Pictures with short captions
Segment Open

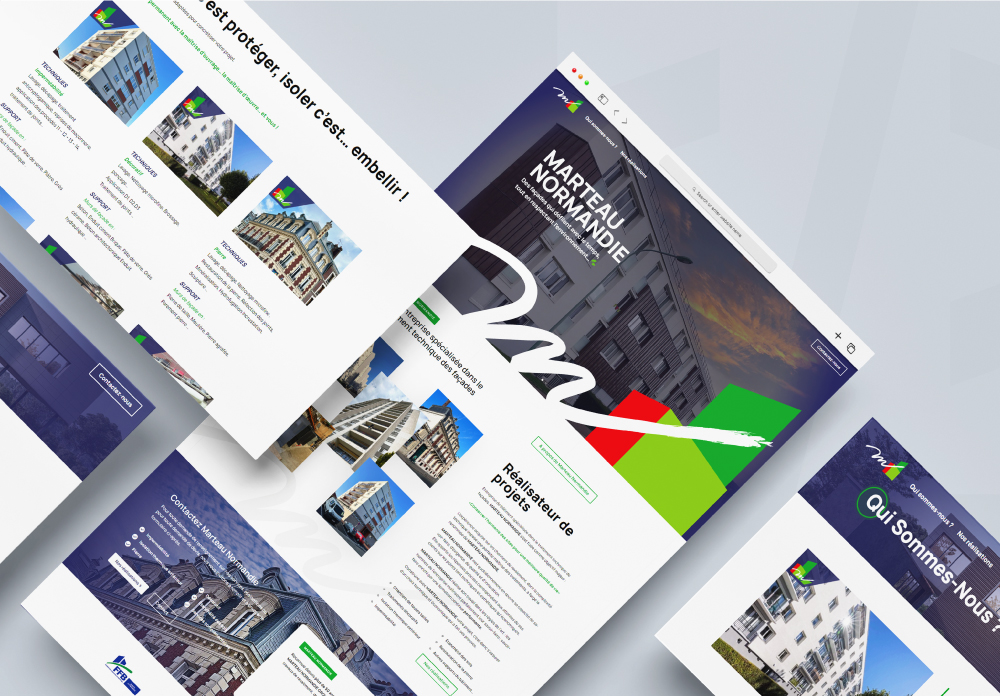 Création de site internet vitrine - Marteau Normandie
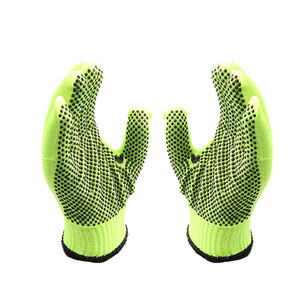 Guantes de trabajo antideslizantes de un solo lado, de PVC, punteados, tejidos a mano - Product Image 5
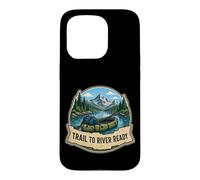 Custodia per iPhone 15 Pro TRAIL TO RIVER READY Packraft sul Fiume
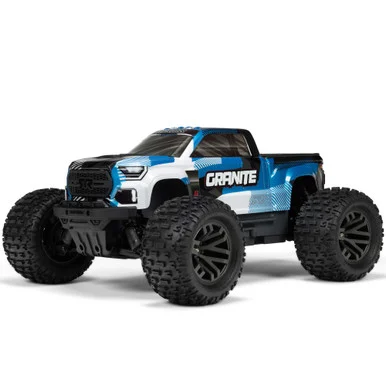 ARRMA ARA4302V4T1 1/10 Granite 223S DSC 4x4 RTR Brushless Monster Truck, Blue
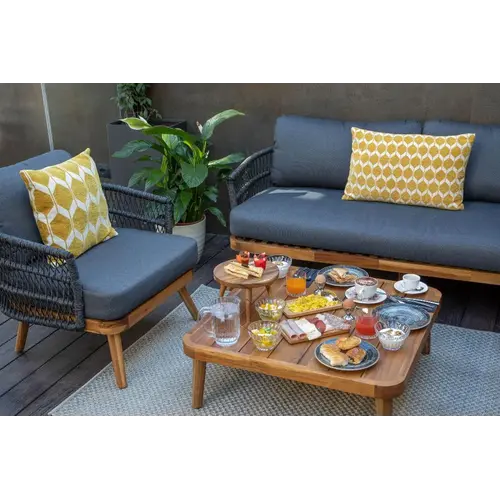 Baratti Stoel-Bank Loungeset Maui | Antraciet | Rope & Aluminium | Baratti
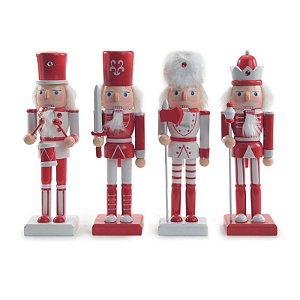 Soldadinho de Chumbo Decorativo Sortido Vermelho Branco 25cm - 1 Un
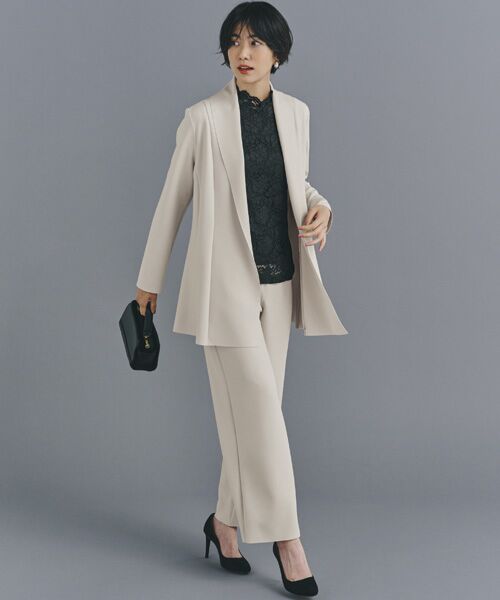 TAKASHIMAYA Style Plus / タカシマヤ スタイル・プリュ ノーカラージャケット | ドレープジャケット | 詳細1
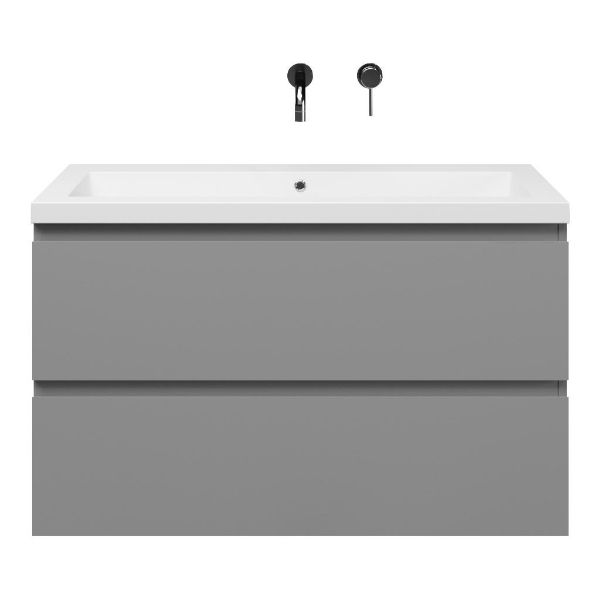 Gisella badmeubel 100 cm licht grijs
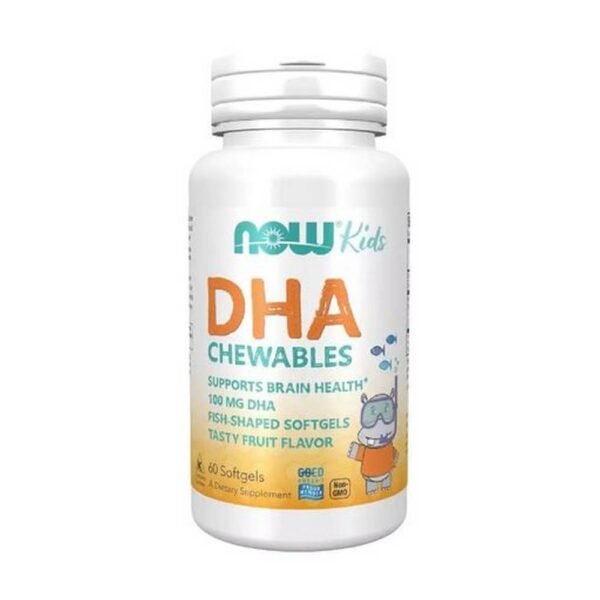 DHA is a component of omega-3 found in fish oil. Before birth and during childhood, DHA plays an important role in the healthy development of the entire nervous system, including the brain.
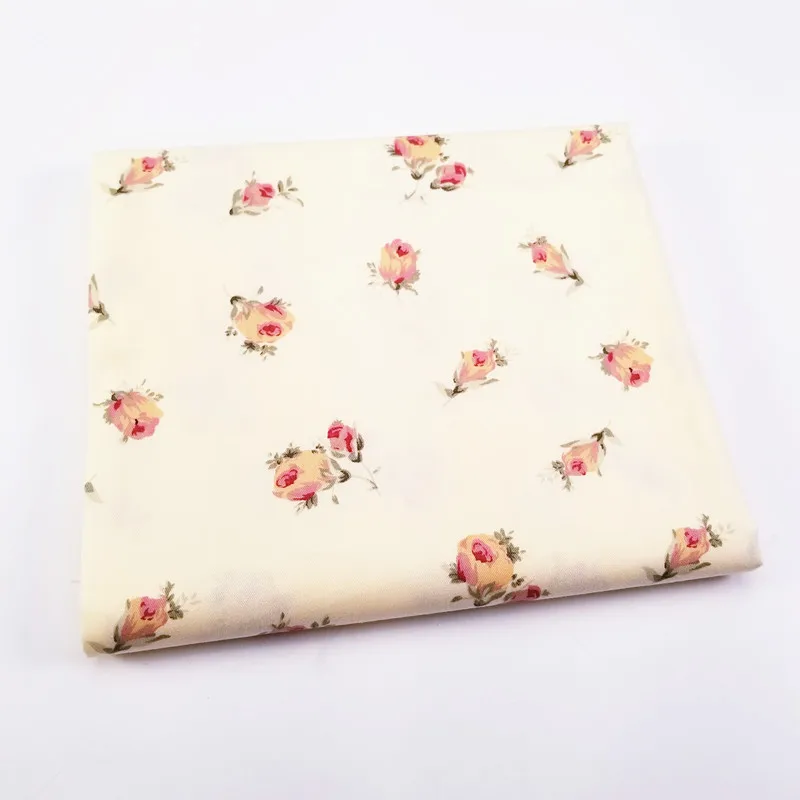 DIY цветочный принт хлопок ткань метров для лоскутных стеганых колыбели подушки одеяло швейный материал 50x40 см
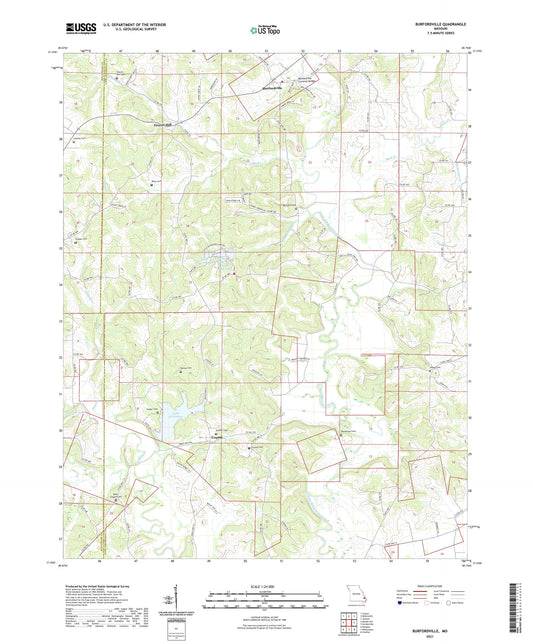 Burfordville Missouri US Topo Map Image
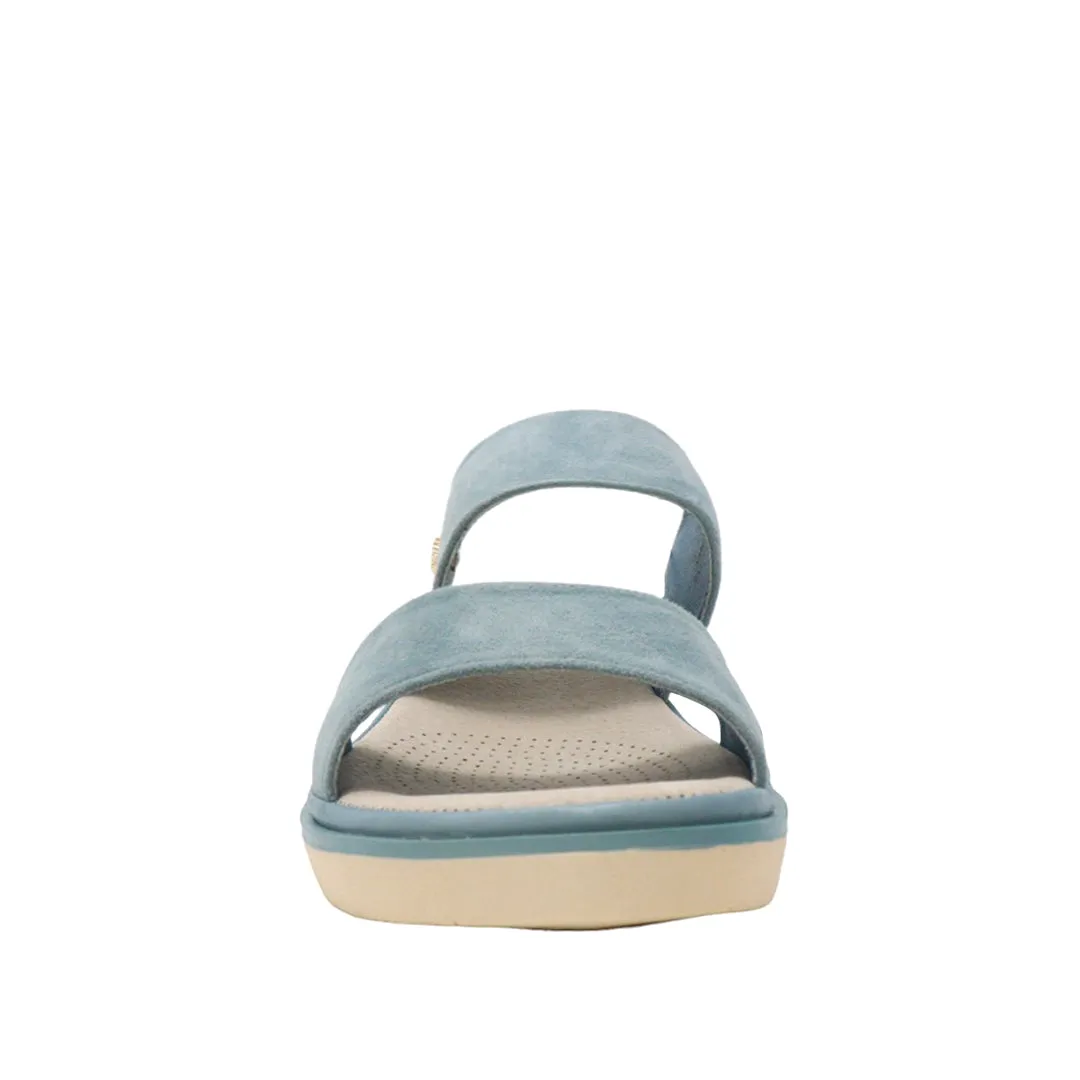 Sandalias flats Charon celeste para mujer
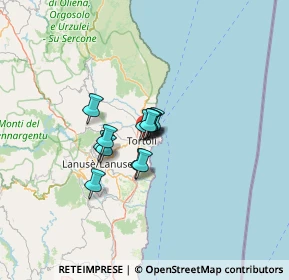Mappa Via Giovanni Boccaccio, 08048 Tortolì NU, Italia (7.45)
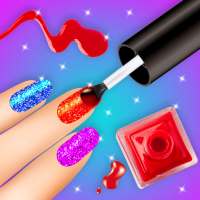 Nail Art 3D Satisfying Makeup Game for Girls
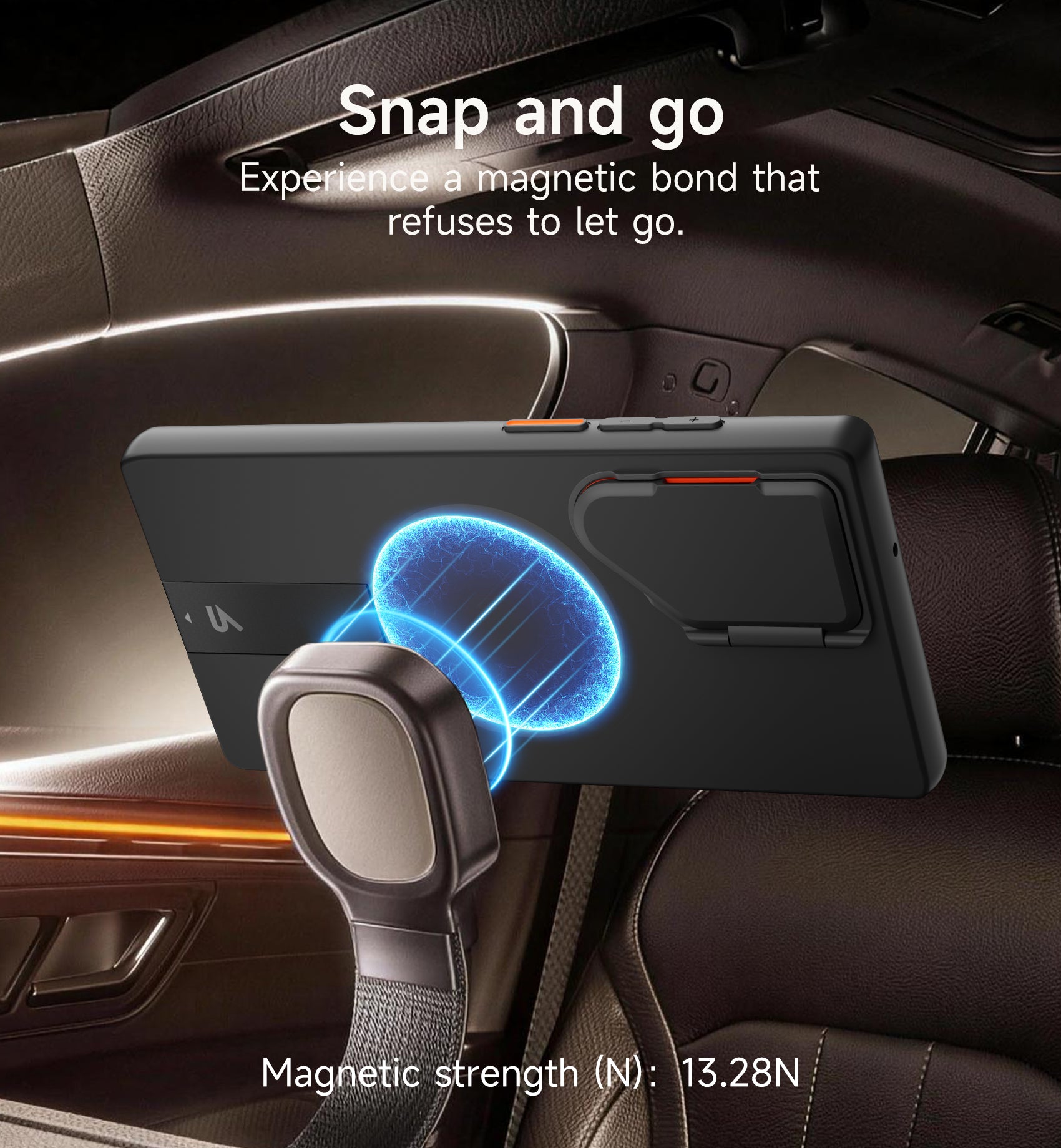 Suritch Case for Samsung Galaxy S23 Ultra Magnetic Protective Cover with Camera Cover Adjustable Metal Kickstand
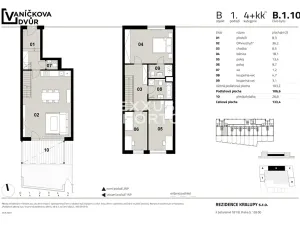 Prodej bytu 4+kk, Kralupy nad Vltavou, Husova, 107 m2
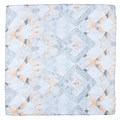 Мягкий принтованный платок из вуали | Тонкая шаль в голубых тонах, 96х96 см (размер)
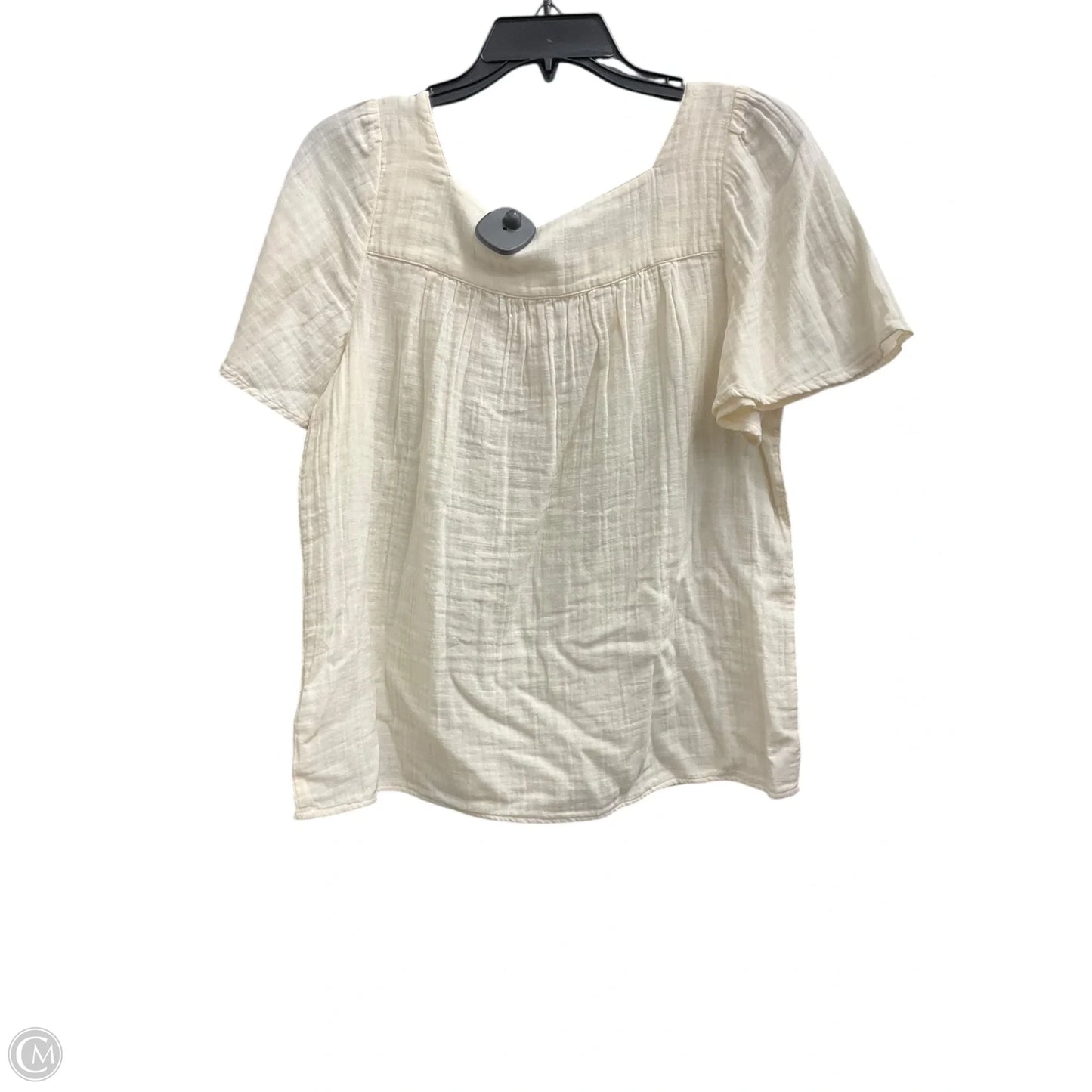 Top Short Sleeve By Madewell In White, Size: M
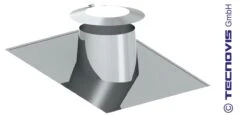 Dachdurchführung 5-15° Mit Wetterkragen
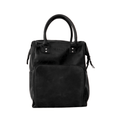 Mally Bambino Leather Baby Backpack | Black - KaryKase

Segment Closed

Exercise goal: All that belongs in the answer is the lines from the line with "Prodej bytu 4+kk, Kralupy" through the closing line of the entries, inclusive, transcribed exactly and free of pictures.

Exercise solution:
 Prodej bytu 4+kk, Kralupy nad Vltavou, Husova, 107 m2
 Мягкий принтованный платок из вуали | Тонкая шаль в голубых тонах, 96х96 см (размер)
 Top Short Sleeve By Madewell In White, Size: M
 Dachdurchführung 5-15° Mit Wetterkragen
 Mally Bambino Leather Baby Backpack | Black - KaryKase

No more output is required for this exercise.